Текст написан одними чернилами, собственные имена и цифры, напечатанные у меня курсивом, вставлены после. Таким образом, очевидно, документ имеет все признаки циркуляра… И действительно, я слышал об его существовании уже ранее и впоследствии имел случай убедиться, что он разослан и в другие общества Шутиловской волости, по личному приказанию земского начальника Бестужева.

Когда я читал вполголоса эту бумагу и потом объяснял старикам, что писарь и староста тут ни при чем, все слушали очень внимательно. И действительно, теперь все объяснилось: в феврале первому разряду выдавалось двадцать фунтов, вычет восемь с четвертью, — итак, счастливец первого разряда должен получить одиннадцать с дробью, второму же разряду приходилось по тому же расчету пять и три четверти фунта на месяц!

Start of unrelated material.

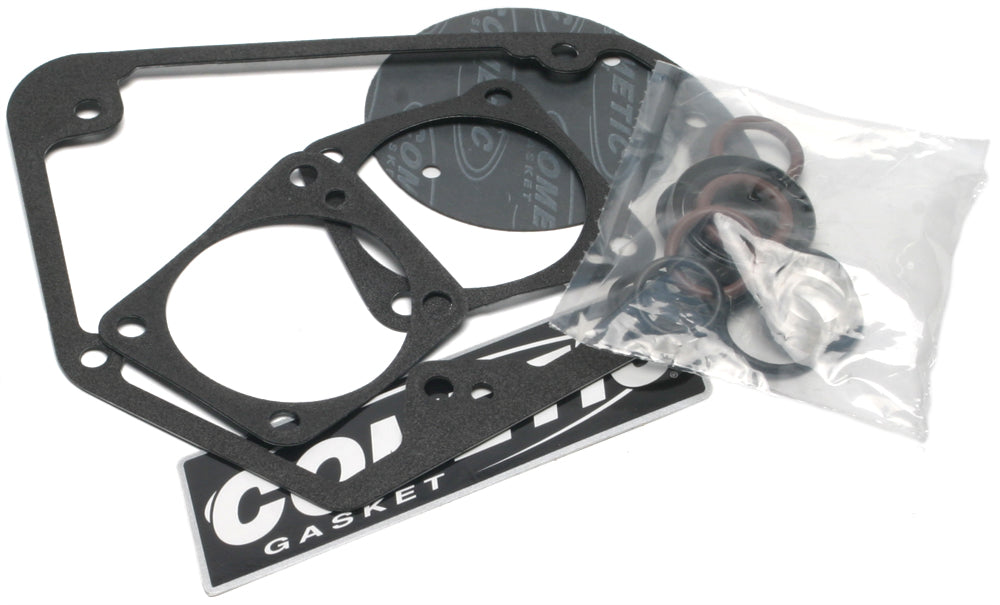 Cometic Cam Service Evo Kit - Harddrive Products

— Так и есть, точка в точку! — говорили мужики.

— А вы вот все на нас! — с упреком сказал писарь.

— Известно, темные…

Кое-кто выступает еще с заявлениями о каких-то недовесах в волости, но что могут значить эти четверти фунта в сравнении с только что приведенными цифрами… И мир между петровцами и их писарем восстановился окончательно… Они видят, что если тут кто воровал, то не их староста и не их писарь.

Что же, однако, это за документ и что он собой прикрывает? Самое распространенное, но и самое неправдоподобное объяснение его состоит в том, что земский начальник, стремясь вместе со всею комиссией к экономии во что бы то ни стало, оставил нерозданными еще в прошлом году семена ржи, и часть этих семян обращена затем на продовольствие. За провоз хлеба платилось семенной рожью, оцениваемой по рублю двадцати копеек, а в то время, когда она выдавалась в ссуду, — она уже стоила рубль шестьдесят копеек. Вот эти-то сорок копеек, переданных якобы возчикам, в виде разницы в цене, и были будто бы по какому-то своеобразному процессу мысли сочтены растратой, которую «Камчатка» обязана была возвратить вычетами из ссуды…

Как видите, это до такой степени нелепо, что за объяснение сойти не может. Если у меня осталось в экономии от семян тысяча пудов, из которых двести пятьдесят ушло в уплату за перевозку, то из этого ясно только, что теперь остается семьсот пятьдесят пудов на продовольствие, но не видно, чтобы голодные люди совершили какую-то растрату… И кому же возвращалась эта своеобразная «растрата»?

— Это так точно… Справедливо-с, — отвечали мне все, кому я приводил это соображение на месте, и молва тотчас же подыскивала другие причины. Говорили, например, будто часть хлеба по ошибке была направлена в волость Мадаевскую, где и исчезла. Голодные ли разобрали ее самовольно, поступила ли она в какие-либо другие руки, — во всяком случае с нею произошел «беспорядок». А так как у мадаевского старшины беспорядков не бывает и так как мы видели, что именно он устанавливал «систему» продовольствия не только в своей, но и в Шутиловской волости, то вся эта партия хлеба, попавшая в Мадаево, — наложена, будто бы как растрата, на волость Шутиловскую!.. Как бы то ни было, смысл таинственного и, по всем видимостям, преступного документа так и остался нераскрытым до сих пор, невзирая даже на вопросы, обращенные прямо к господину Бестужеву высшим губернским начальством… О предании его суду не было, кажется, и речи.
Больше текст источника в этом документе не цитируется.